-- INFORMATION SUPPLIED --
+++++
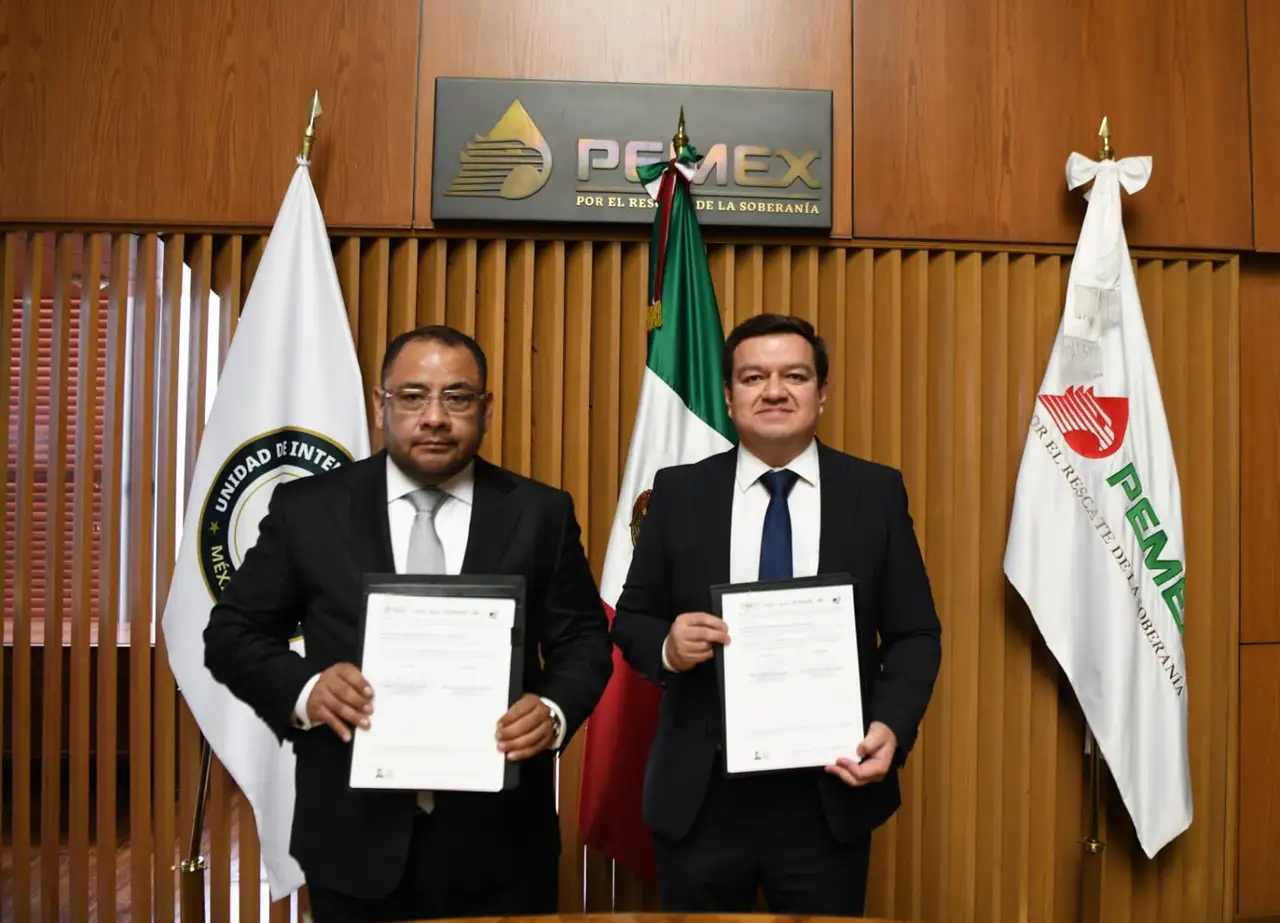 Hacienda y Pemex firman convenio contra el huachicol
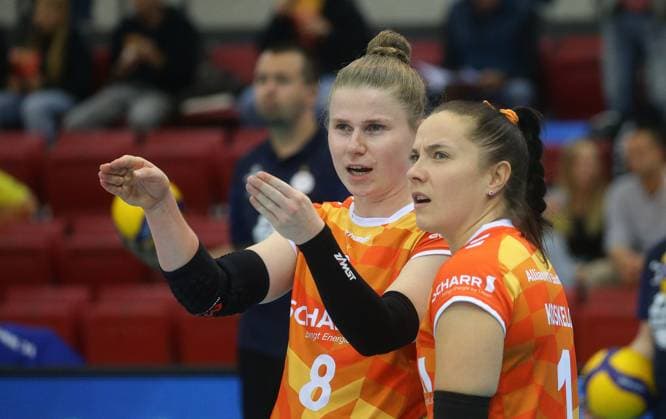 Stuttgart , Volleyball Bundesliga Frauen, Allianz MTV Stuttgart vs. VC Wiesbaden , von links: Florien Reesing Roosa Koskelo ( Stgt )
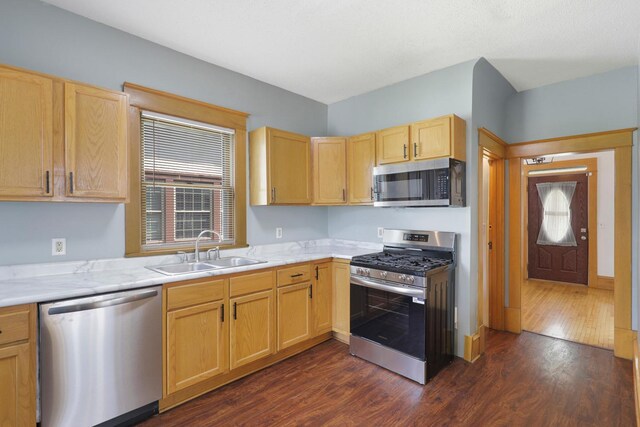 915 Russell Ave N, Minneapolis, MN 55411 - photo 12
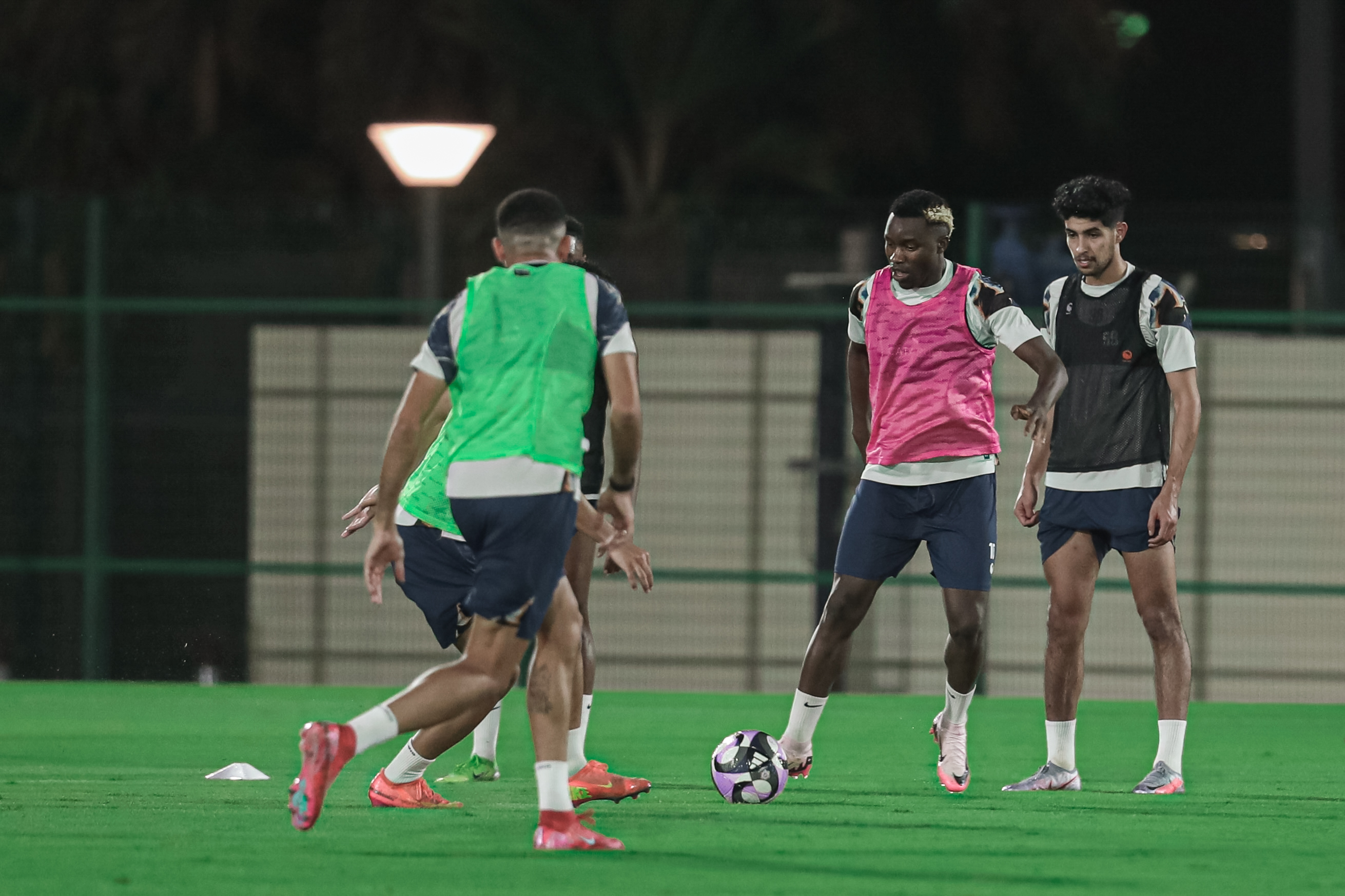 الفيحاء يصل إلى جدة، وينهي تحضيراته الميدانية استعداداً لمواجهة الإتحاد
+++++
In the data above, the line containing "915 Russell Ave" and all lines after it are to be reproduced exactly, leaving out the pictures.

 915 Russell Ave N, Minneapolis, MN 55411 - photo 12
 الفيحاء يصل إلى جدة، وينهي تحضيراته الميدانية استعداداً لمواجهة الإتحاد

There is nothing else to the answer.